_Material to process_
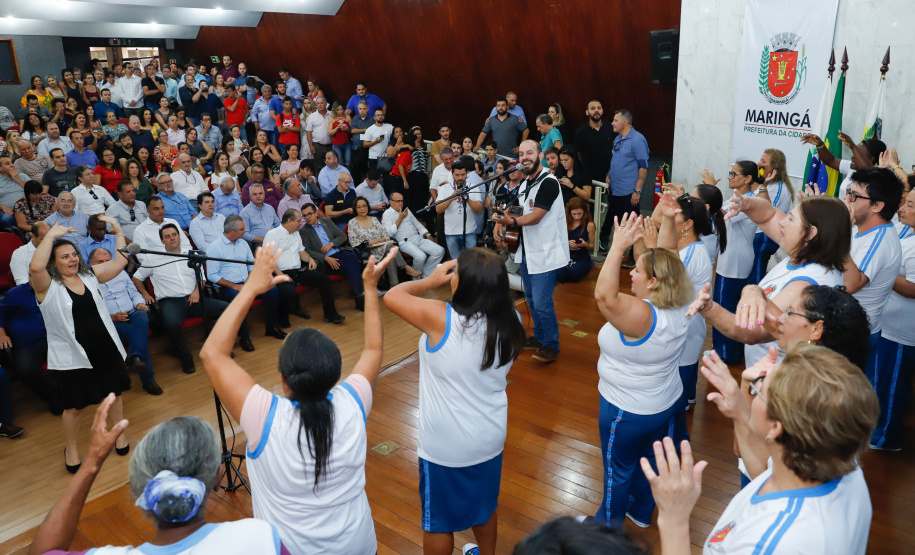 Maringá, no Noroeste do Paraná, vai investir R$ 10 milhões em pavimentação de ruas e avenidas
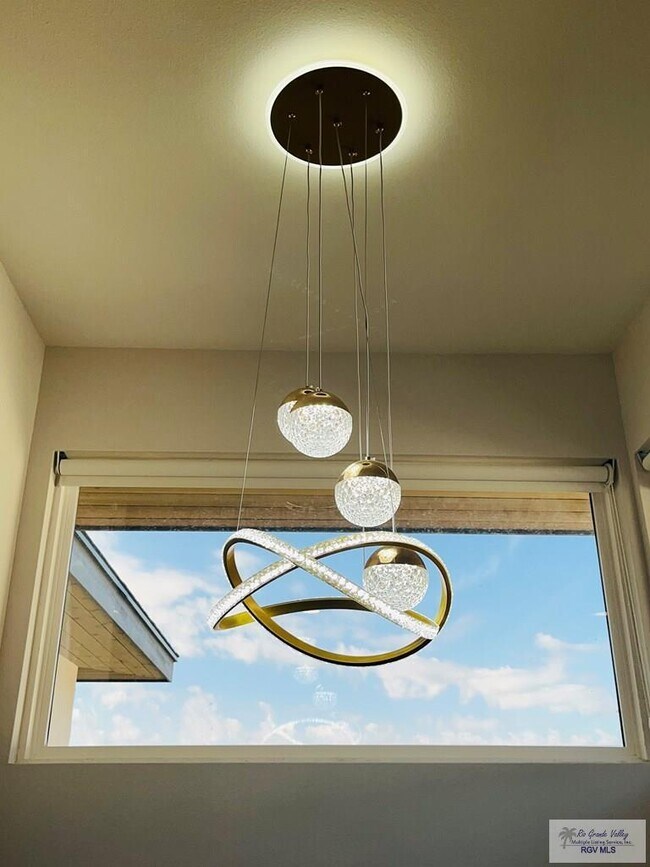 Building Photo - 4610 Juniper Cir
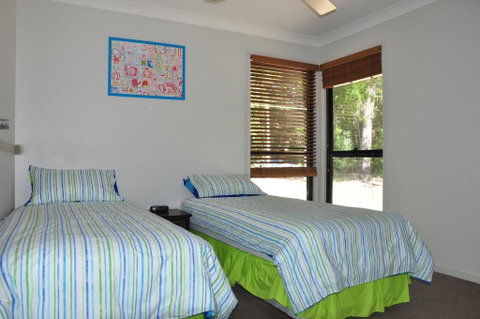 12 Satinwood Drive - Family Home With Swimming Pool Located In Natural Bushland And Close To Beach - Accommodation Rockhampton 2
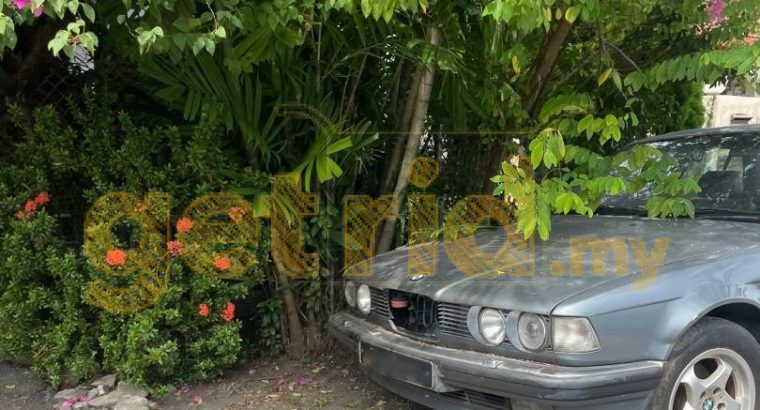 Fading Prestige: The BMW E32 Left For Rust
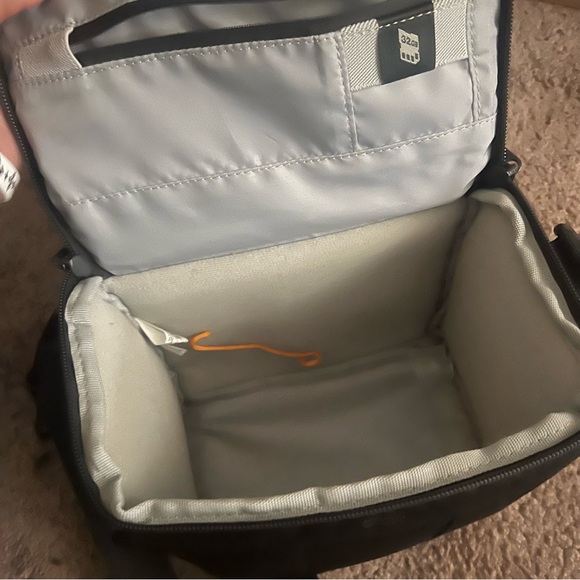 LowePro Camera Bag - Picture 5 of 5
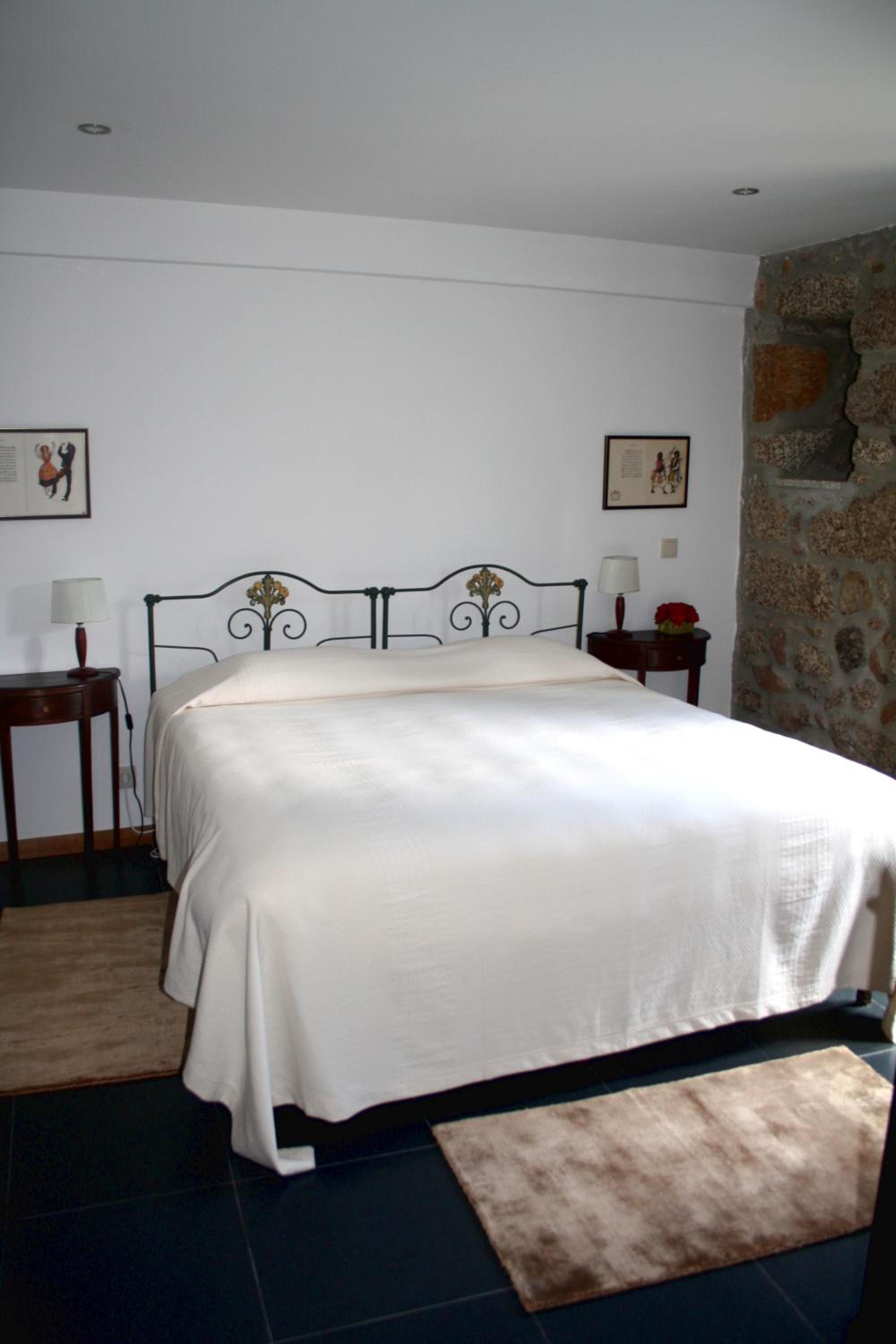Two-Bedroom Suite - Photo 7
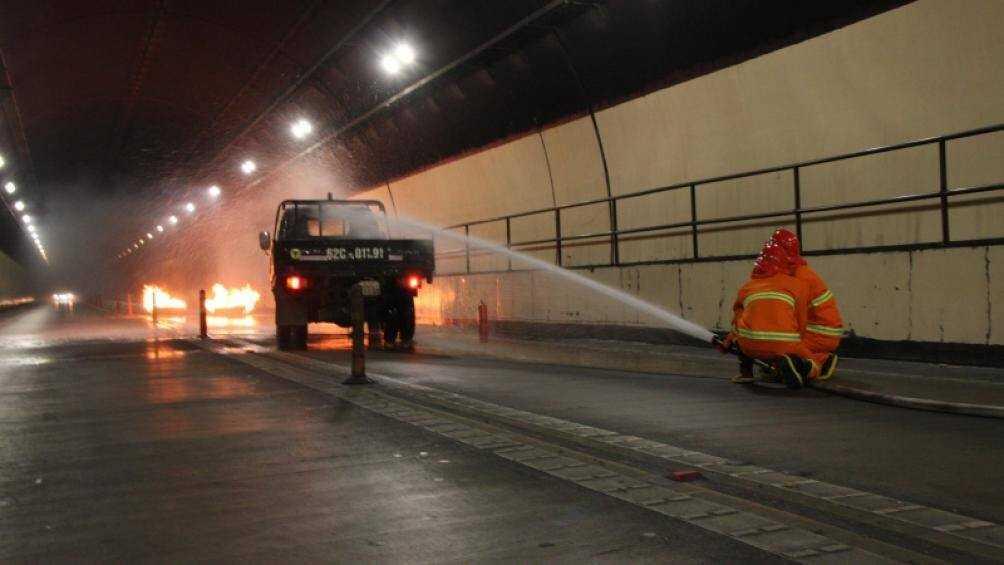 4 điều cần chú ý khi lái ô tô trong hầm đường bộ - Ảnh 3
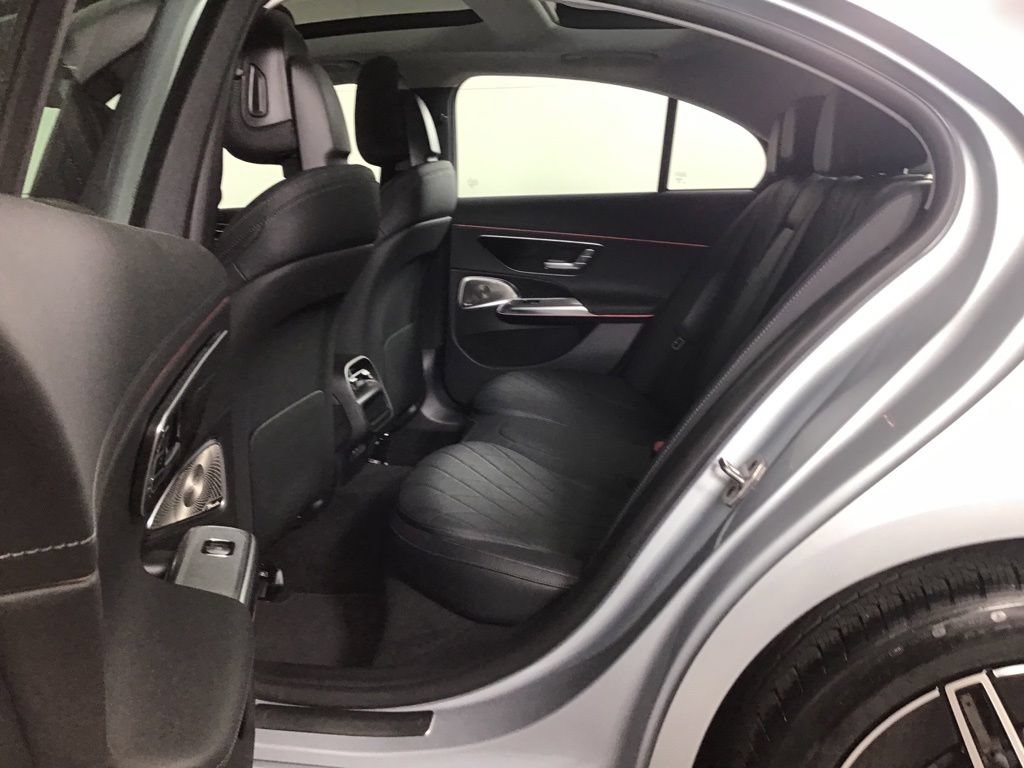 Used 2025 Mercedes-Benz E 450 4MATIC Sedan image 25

==

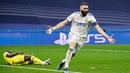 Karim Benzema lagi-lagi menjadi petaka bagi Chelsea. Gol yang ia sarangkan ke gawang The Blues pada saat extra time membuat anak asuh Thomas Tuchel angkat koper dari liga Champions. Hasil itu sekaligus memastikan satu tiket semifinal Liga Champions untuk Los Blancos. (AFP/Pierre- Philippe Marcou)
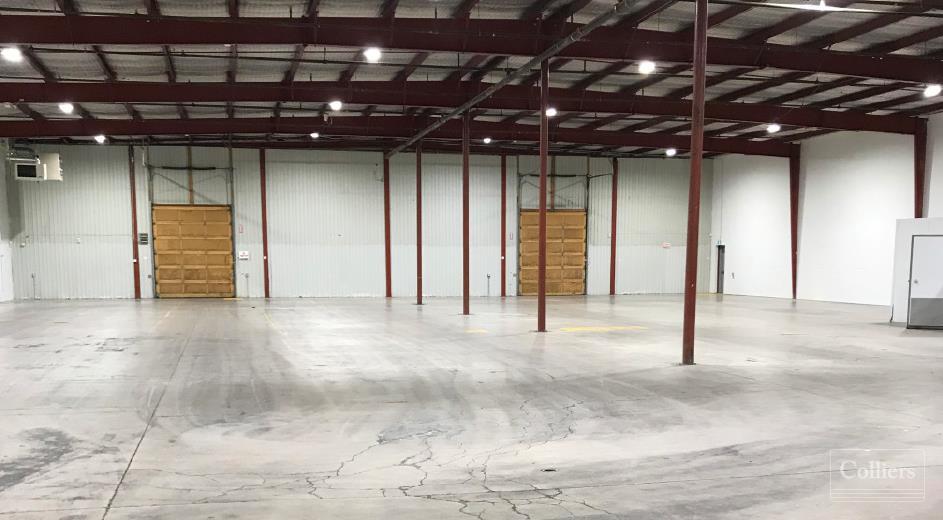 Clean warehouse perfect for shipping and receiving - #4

--

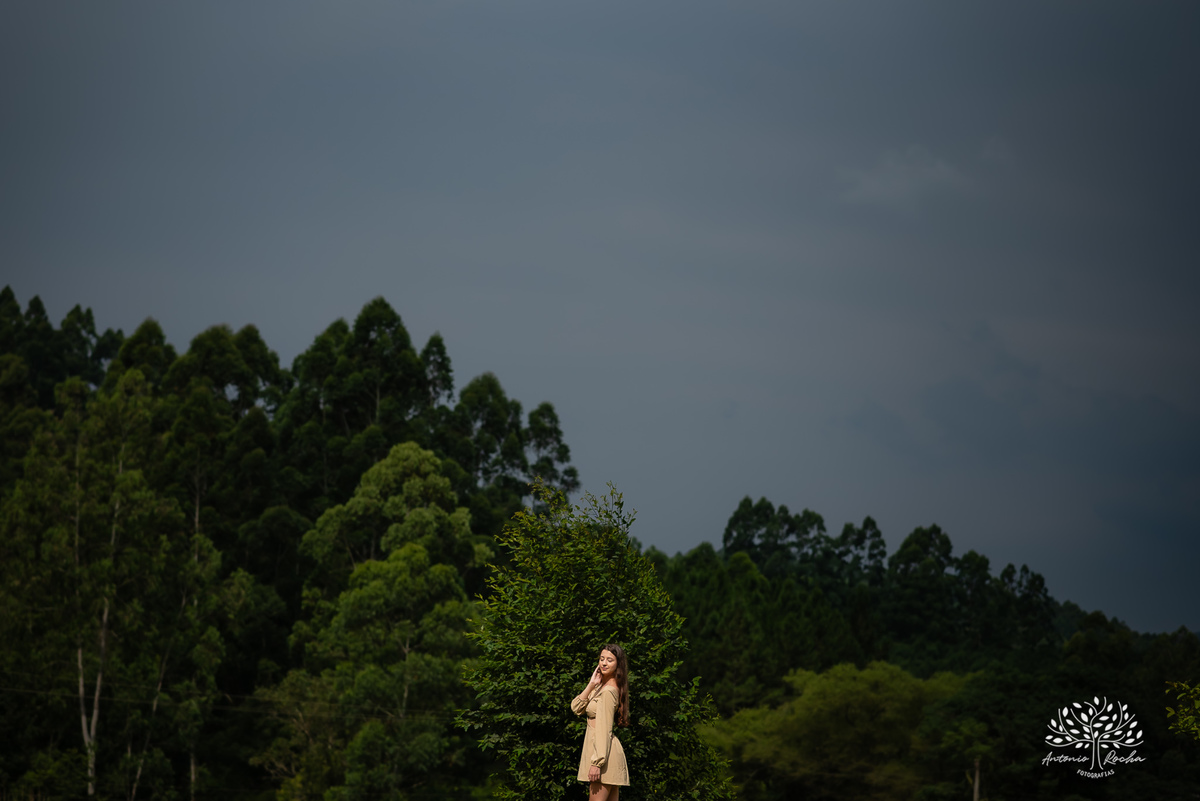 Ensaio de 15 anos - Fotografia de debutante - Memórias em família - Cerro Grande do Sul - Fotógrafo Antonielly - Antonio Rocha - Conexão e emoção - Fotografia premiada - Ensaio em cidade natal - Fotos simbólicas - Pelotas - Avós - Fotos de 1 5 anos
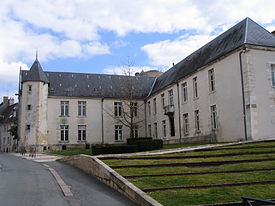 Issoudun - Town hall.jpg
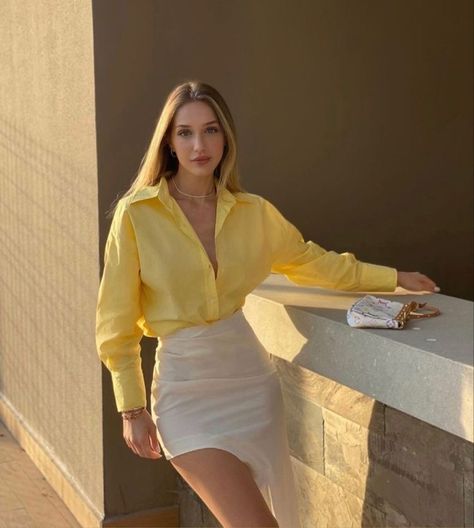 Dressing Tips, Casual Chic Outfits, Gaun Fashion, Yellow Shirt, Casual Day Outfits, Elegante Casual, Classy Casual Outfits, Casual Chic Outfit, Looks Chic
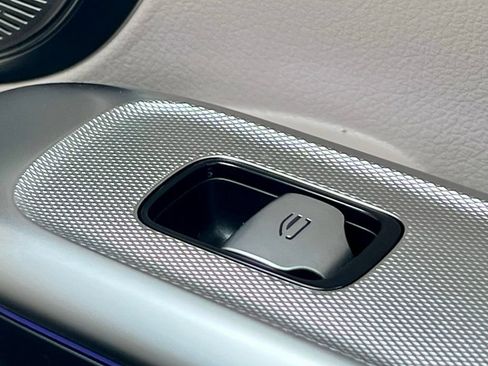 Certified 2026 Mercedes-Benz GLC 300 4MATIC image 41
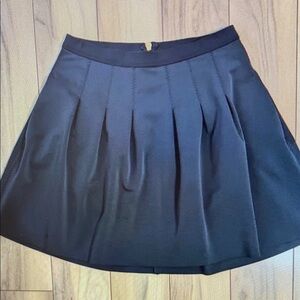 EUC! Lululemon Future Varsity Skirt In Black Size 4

_Exercise_
With the pictures omitted, restate word for word the lines above from the line that has "Building Photo - 4610 Juniper Cir" up to and including the line that has "Used 2025 Mercedes-Benz", and no other lines.

_Written response_
 Building Photo - 4610 Juniper Cir
 12 Satinwood Drive - Family Home With Swimming Pool Located In Natural Bushland And Close To Beach - Accommodation Rockhampton 2
 Fading Prestige: The BMW E32 Left For Rust
 LowePro Camera Bag - Picture 5 of 5
Two-Bedroom Suite - Photo 7
 4 điều cần chú ý khi lái ô tô trong hầm đường bộ - Ảnh 3
 Used 2025 Mercedes-Benz E 450 4MATIC Sedan image 25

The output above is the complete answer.